United States District Court, District of Idaho
Dec 1, 2022
1:22-cv-00346-BLW (D. Idaho Dec. 1, 2022)

Opinion

1:22-cv-00346-BLW

12-01-2022

KENT WILLIAMS, Plaintiff, v. HENRY ATENCIO, et al., Defendants.


INITIAL REVIEW ORDER BY SCREENING JUDGE

B. Lynn Winmill, U.S. District Court Judge.

On August 8, 2022 (mailbox rule), the Complaint of Plaintiff Kent Williams was conditionally filed by the Clerk of Court due to Plaintiff's status as a prisoner and pauper. Dkts. 3, 1. All conditionally-filed prisoner and pauper complaints seeking relief against a government entity or official must be screened by the Court to determine whether summary dismissal is appropriate. 28 U.S.C. §§ 1915 & 1915A. The Court must dismiss any claims that state a frivolous or malicious claim, fail to state a claim upon which relief may be granted, or seek monetary relief from a defendant who is immune from such relief. 28 U.S.C. § 1915(e)(2)(B). After reviewing the Complaint, the Court has determined that one or more amended complaints will be required.

REVIEW OF COMPLAINT

1. Discussion

Plaintiff alleges that, for the past six years, his constitutional rights have been violated in the Idaho Department of Correction (IDOC) system. It appears that about the first 90 paragraphs of Plaintiff's claims may have occurred before the statute of limitations period. In addition, Plaintiff has sued the IDOC as a “municipal entity”; it is, in fact, a state entity and is not amenable to suit under 42 U.S.C. § 1983. For reasons of judicial efficiency, Plaintiff will be required to file two amended complaints in this action. The first should address all claims that were exhausted in the prison grievance system before August 8, 2020, and the second should address all claims that were exhausted on or after August 8, 2020. The IDOC should not be included as a defendant in either amended complaint.

The Eleventh Amendment prohibits a federal court from entertaining a suit brought by a citizen against a state, absent a waiver of sovereign immunity. Hans v. Louisiana, 134 U.S. 1, 16-18 (1890). The Supreme Court has consistently applied the Eleventh Amendment's jurisdictional bar to states and state entities “regardless of the nature of the relief sought.” See Pennhurst State Sch. & Hosp. v. Halderman, 465 U.S. 89, 100 (1984). Moreover, only a “person” may be sued pursuant to 42 U.S.C. § 1983, and a state is not considered a “person” under that statute. Will v. Mich. Dep't of State Police, 491 U.S. 58, 71 (1989). The IDOC is a state entity; therefore, Plaintiff should omit the IDOC as a defendant from any amended complaint.

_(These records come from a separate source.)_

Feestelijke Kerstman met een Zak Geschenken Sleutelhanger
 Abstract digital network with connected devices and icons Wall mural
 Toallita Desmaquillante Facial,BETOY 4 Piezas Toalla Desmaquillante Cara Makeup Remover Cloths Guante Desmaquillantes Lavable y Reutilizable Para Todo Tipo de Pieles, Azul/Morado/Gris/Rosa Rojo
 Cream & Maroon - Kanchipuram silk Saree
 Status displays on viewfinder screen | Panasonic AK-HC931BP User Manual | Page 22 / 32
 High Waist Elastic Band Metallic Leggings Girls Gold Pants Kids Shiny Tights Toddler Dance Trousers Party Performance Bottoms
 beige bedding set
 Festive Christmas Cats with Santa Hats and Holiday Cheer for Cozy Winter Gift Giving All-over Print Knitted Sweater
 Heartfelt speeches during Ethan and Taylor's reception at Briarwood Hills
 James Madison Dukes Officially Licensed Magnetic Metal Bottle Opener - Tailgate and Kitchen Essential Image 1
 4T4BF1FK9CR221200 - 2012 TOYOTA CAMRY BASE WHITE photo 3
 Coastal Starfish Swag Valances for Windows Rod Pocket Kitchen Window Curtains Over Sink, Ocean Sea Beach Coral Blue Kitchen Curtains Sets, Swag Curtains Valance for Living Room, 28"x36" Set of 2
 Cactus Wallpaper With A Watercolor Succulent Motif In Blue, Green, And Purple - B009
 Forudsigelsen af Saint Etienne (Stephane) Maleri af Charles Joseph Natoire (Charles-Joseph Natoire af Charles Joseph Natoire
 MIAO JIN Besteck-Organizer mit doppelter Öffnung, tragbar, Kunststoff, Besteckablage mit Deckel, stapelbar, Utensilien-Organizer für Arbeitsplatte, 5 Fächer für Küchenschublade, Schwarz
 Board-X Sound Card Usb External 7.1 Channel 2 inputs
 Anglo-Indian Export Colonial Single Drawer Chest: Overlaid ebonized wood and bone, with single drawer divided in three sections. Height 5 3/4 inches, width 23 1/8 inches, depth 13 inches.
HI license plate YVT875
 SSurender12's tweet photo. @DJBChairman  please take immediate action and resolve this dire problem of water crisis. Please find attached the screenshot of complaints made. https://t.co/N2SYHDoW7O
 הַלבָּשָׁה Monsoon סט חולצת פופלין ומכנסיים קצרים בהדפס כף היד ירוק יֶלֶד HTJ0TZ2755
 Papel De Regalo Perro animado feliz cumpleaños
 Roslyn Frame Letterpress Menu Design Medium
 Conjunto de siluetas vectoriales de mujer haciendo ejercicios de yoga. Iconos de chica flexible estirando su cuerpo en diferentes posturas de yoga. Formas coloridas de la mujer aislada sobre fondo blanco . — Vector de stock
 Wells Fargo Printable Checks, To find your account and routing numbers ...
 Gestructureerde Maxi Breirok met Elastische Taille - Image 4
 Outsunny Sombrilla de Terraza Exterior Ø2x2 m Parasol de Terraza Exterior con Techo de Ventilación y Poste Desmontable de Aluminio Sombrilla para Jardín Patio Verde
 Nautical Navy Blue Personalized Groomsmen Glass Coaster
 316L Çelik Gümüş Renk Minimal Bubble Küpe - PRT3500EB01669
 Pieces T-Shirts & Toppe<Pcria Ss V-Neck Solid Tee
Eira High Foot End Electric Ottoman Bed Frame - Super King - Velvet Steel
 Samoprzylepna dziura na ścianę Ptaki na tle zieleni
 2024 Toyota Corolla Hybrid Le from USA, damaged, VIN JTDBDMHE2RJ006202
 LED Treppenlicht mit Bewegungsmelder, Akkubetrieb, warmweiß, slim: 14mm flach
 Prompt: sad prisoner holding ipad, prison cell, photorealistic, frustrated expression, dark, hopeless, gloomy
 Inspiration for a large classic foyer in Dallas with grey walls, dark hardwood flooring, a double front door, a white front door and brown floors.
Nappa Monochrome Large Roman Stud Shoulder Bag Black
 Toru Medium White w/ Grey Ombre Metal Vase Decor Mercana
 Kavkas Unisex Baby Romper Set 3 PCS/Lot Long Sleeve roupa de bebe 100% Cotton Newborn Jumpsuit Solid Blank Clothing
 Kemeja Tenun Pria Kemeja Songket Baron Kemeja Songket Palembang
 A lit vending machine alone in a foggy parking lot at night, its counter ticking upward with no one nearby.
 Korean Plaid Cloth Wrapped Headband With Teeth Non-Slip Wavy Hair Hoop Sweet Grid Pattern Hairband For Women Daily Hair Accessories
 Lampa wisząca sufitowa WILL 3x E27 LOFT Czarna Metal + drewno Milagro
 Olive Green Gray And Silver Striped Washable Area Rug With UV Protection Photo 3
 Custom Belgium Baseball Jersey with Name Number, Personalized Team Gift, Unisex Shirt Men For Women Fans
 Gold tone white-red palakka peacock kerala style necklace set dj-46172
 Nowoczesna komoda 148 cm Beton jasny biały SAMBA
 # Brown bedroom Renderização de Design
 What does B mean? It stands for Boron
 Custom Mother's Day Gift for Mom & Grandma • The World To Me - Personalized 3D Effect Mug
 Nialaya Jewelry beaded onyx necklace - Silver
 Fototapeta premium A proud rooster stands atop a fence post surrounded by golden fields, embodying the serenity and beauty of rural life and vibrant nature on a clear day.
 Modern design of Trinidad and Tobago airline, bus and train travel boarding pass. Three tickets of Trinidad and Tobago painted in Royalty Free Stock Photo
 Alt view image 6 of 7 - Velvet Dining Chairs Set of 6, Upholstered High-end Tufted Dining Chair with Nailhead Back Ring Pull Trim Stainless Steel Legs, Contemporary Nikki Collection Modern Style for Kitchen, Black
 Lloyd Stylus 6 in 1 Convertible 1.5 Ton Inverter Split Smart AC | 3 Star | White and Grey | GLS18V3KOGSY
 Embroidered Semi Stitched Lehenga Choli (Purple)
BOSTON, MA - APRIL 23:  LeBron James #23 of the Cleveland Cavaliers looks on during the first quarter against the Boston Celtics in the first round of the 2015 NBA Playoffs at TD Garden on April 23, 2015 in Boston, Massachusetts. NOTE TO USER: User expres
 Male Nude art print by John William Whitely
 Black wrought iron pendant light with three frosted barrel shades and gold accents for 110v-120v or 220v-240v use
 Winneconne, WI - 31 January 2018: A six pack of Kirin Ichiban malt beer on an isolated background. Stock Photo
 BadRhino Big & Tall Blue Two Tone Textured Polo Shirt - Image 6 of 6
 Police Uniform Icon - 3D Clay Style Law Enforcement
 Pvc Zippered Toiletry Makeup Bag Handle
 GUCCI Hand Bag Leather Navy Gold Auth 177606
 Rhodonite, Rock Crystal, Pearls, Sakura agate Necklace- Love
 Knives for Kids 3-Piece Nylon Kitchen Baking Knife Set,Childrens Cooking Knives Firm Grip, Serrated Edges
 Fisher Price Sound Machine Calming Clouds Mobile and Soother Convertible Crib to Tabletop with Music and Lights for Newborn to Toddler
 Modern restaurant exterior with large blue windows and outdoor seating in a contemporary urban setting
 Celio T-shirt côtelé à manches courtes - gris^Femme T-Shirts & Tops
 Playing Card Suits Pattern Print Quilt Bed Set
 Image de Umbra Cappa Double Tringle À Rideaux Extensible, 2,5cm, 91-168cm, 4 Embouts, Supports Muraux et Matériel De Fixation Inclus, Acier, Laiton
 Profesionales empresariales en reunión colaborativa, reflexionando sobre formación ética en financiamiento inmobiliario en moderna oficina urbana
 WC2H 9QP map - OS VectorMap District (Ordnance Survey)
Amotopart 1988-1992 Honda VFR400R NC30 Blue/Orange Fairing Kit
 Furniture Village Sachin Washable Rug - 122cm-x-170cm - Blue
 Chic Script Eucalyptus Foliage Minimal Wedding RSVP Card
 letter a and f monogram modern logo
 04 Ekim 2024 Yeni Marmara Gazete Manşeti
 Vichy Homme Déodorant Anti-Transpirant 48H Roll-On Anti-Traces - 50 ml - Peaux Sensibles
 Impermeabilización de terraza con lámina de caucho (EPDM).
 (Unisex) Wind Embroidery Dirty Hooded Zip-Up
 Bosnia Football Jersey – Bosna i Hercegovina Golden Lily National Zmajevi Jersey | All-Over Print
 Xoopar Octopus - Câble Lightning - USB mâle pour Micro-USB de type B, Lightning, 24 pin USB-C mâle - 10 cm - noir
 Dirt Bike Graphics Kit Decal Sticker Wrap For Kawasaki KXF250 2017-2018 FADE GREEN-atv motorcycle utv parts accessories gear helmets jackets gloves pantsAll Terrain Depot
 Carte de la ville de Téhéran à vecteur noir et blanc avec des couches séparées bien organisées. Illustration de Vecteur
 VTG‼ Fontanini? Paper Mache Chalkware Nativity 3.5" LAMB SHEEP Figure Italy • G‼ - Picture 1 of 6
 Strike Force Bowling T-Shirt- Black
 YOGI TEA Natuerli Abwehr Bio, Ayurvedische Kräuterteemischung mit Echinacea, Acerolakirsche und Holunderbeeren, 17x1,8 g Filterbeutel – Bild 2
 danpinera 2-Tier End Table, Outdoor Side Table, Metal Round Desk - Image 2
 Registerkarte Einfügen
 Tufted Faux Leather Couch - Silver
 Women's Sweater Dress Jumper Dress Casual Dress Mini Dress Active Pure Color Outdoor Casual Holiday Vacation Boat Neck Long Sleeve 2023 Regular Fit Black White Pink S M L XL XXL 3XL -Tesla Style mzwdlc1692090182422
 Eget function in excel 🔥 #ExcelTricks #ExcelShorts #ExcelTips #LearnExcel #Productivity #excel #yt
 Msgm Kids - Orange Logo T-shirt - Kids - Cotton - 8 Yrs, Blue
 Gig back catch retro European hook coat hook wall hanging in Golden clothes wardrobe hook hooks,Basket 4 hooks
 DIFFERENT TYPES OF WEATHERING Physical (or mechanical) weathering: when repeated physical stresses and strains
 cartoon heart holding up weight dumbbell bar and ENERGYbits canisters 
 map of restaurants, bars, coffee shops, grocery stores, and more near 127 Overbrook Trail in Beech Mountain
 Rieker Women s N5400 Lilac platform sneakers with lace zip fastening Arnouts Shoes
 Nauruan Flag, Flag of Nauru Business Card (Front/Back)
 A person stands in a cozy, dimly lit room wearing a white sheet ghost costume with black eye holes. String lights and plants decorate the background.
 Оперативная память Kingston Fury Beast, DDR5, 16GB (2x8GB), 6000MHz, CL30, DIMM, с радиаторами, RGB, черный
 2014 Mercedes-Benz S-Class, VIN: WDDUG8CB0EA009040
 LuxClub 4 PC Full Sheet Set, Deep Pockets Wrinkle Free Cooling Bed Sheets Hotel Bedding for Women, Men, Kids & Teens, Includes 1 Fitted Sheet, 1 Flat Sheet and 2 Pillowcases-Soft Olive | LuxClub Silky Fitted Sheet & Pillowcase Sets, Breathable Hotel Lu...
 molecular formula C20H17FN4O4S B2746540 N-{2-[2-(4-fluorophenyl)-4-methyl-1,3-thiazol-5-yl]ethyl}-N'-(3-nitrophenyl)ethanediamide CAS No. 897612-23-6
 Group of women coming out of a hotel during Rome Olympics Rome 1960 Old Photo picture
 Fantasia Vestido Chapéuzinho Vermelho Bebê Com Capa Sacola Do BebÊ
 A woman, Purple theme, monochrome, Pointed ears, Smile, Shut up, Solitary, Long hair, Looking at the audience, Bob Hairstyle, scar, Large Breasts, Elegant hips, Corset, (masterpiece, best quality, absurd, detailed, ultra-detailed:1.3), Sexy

2. Standards of Law Governing Timeliness

The statute of limitations period for filing a civil rights lawsuit under 42 U.S.C. § 1983 is determined by the statute of limitations period for personal injuries in the state where the claim arose. Wilson v. Garcia, 471 U.S. 261 (1985) (later overruled only as to claims brought under the Securities Exchange Act of 1934, not applicable here). Idaho Code § 5-219, providing for a two-year statute of limitations for personal injuries, governs federal civil rights actions arising in Idaho.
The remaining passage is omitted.